- Eight thousand G-E rectifiers are used for auto charging because the G-E rectifier makes home charging really practical.
- I believe that the Electric [vehicle] will be the car of the future on account of its simplicity of operations and reliability… The man of moderate means cannot afford a horse and buggy because of the attention required.
Apparently, “electrics” lost the battle with the internal combustion (IC) engine. The IC engine, which powers cars known as internal combustion engine vehicles, or ICEVs, won.
By the way, isn’t the ICEV a terrible acronym, as if there were any good acronyms? I was thinking, is this some new EV?
At this point, I’m reminded of my post regarding Trump, Paris, and the Bumbling Abominable Snow Monster. The market, and only the market, not government Force Majeure, is going to diminish climate change risk. For years I have considered EVs to be a frivolous novelty, but if the populace wants it, someone will deliver, baggage included.
Natural Gas Prices – A Substantial Risk
Consider fuel costs. Natural gas prices, inflation-adjusted, are the lowest they have been in my 20-plus year career in energy efficiency. Nature abhors a vacuum, as they say, and that vacuum is a big one between the price of natural gas and petroleum. The vacuum is also huge between the price of natural gas from U.S. pipelines and natural gas prices in Europe and Asia Pacific.
Rushing to fill the vacuum are hundreds of new petrochemical projects in the U.S., gobbling up cheap natural gas to produce everything from fertilizer to plastics. Also rushing to fill the gaps are liquefied natural gas export and import terminals. And of course, natural gas is filling the gap by displacing coal for generation of zillions of gigawatt hours.

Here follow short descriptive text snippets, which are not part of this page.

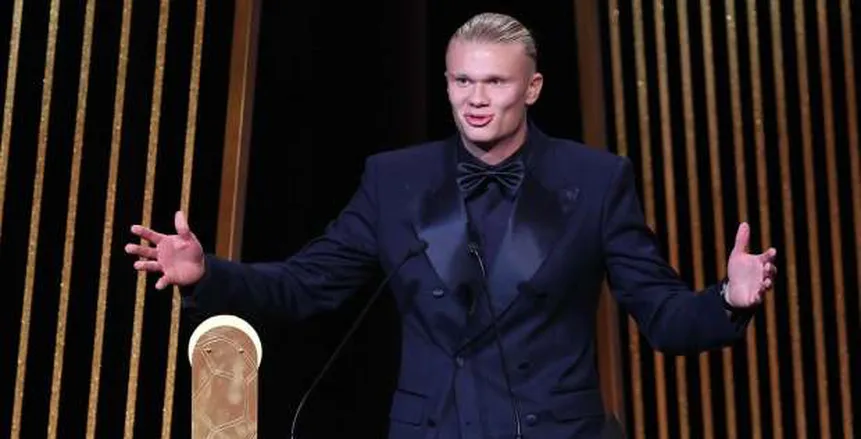 هالاند يحصد جائزة «جلوب سوكر» لأفضل لاعب في العالم 2023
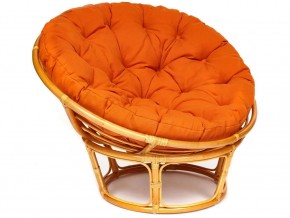 Кресло Papasan 23/01 W с подушкой Honey, ткань Оранжевый в Каслях - kasli.magazin-mebel74.ru | фото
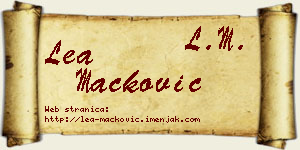 Lea Mačković vizit kartica
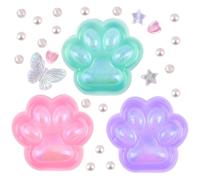 AWAVM Lot de 3 Squishy Anti Stress 2 Biscuit Squishy Kawaii 1 Jouets Squishy Patte de Chat Yoyo Mochi Squishy Cadeau Mignon Anniversaire Fête ou Noël Jouet Sensoriel Décompression Enfant Adulte (F)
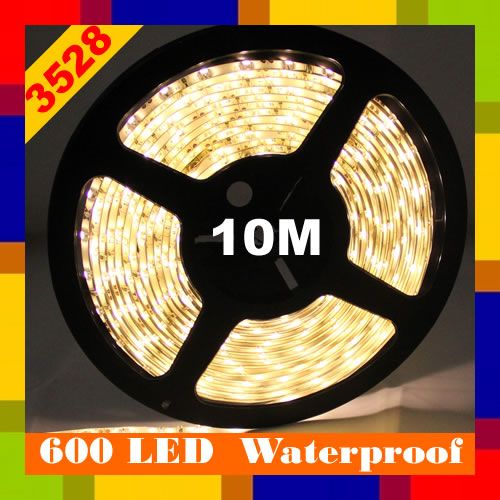 5M SMD 5050 Waterproof Bright Car 300LED Strip Light RGB 12V Free 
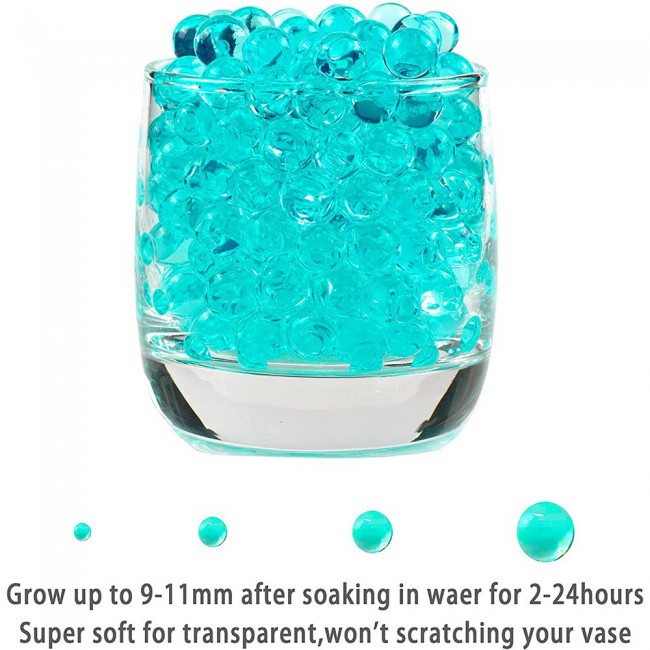 Water Beads Jelly Water Balls 500Pcs 16.5 grams - Turquoise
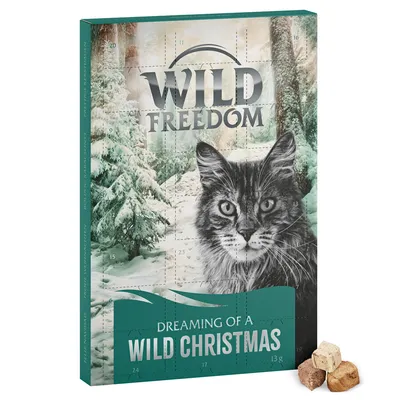 Calendrier de l'Avent Wild Freedom (friandises lyophilisées) pour chat Calendrier de l'Avent Wild Freedom (friandises lyophilisées) pour chat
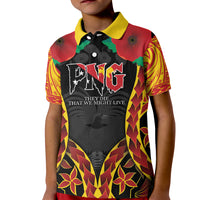Personalised Papua New Guinea Remembrance Day Kid Polo Shirt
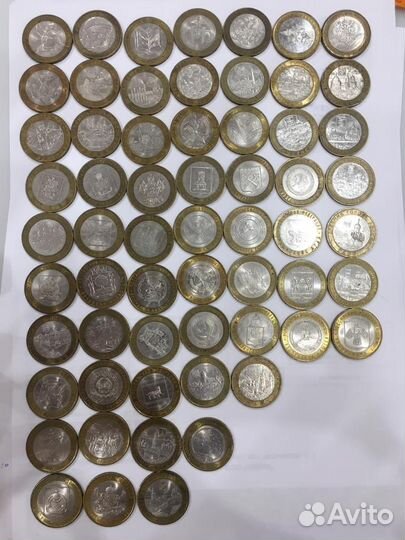 Монеты из биметалла 10 рублей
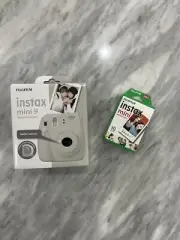 Fujifilm instax mini 9 Instant Film Camera Smokey White + Instax (10 Sheets)
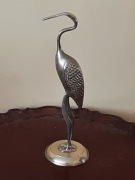 Mosiężna Figurka Czapli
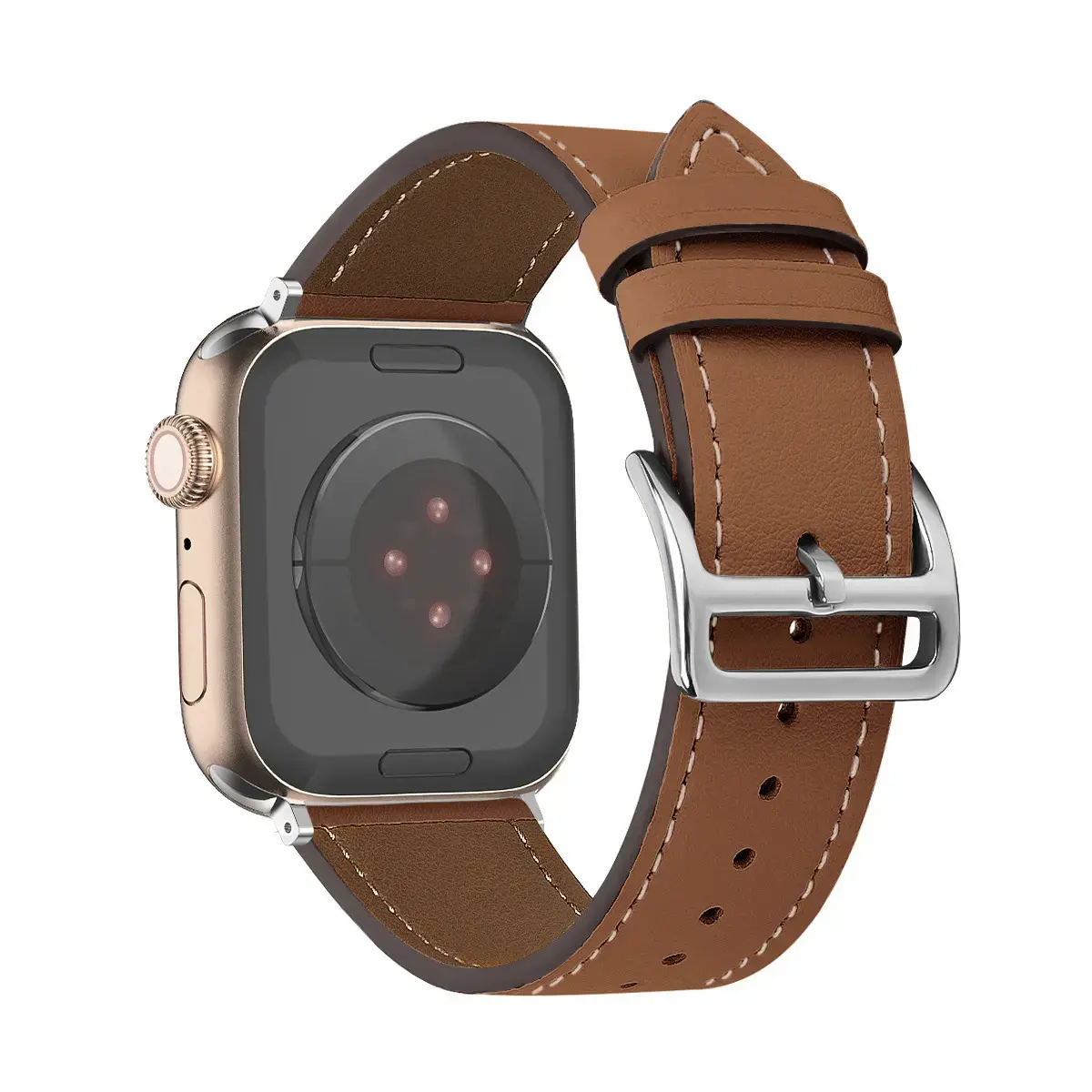 Leather loop for Apple Watch 42/44/45/49 design 1 brown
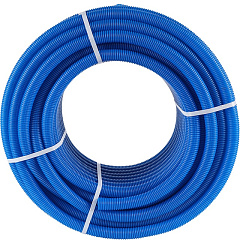 Труба гофрированная ПНД Stout цвет синий, наружным диаметром 23 мм для труб диаметром 16 мм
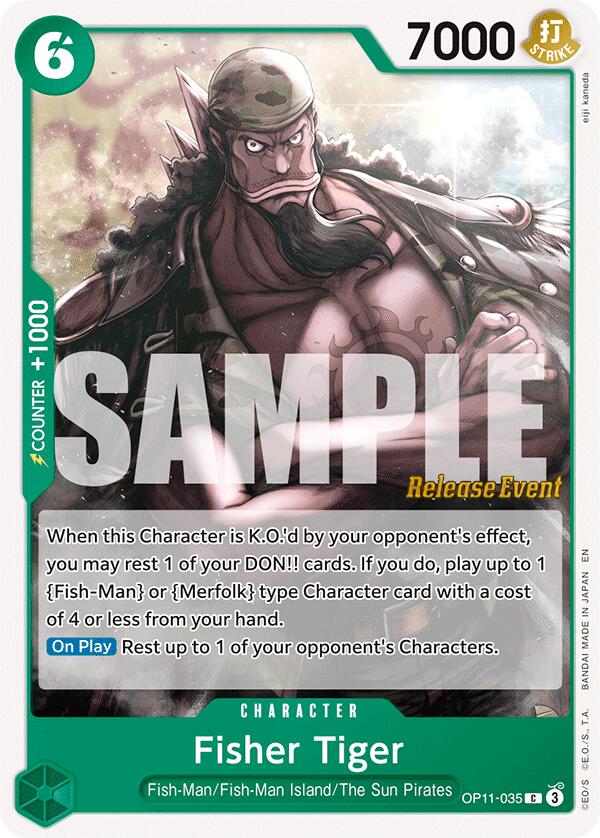 Fisher Tiger [A Fist of Divine Speed Release Event Cards] OP11-035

As of last fall, gas exports rose by 50% in six years, and for the first time in 60 years, natural gas exports exceeded imports. Big oil has invested $700 billion in gas projects all over the globe. The upshot is natural gas is now a global fuel with prices set on the world market, like petroleum.
Since natural gas is the major fuel for electricity, the global market for natural gas will push up electricity costs.
Moving back to EVs, rising prices for natural gas is going to increase electricity costs and increase the cost of fueling EVs. Of course, renewables will also provide some of the electrons to fuel EVs, but renewables differ. In California, renewables largely disappear at night as the sun sets. In the great plains, renewable generation increases at night, on average, when the wind speed is higher.
Charging – Where, When, How?
Options become charging with extreme charging stations during the middle of the day (California). At the WPUI workshop, I learned 400-plus kW wireless charging technology already exists. This makes it possible to develop multi-megawatt supercharging stations with many slots, like a fuel oasis. Extreme chargers charge at a rate of 700 miles of range per hour of charging. The gas pump is still about ten times that rate, but 700 mph beats the heck out of about 20 miles per hour of charging at your home, where incidentally, as the ad notes above, people still want to charge their EVs.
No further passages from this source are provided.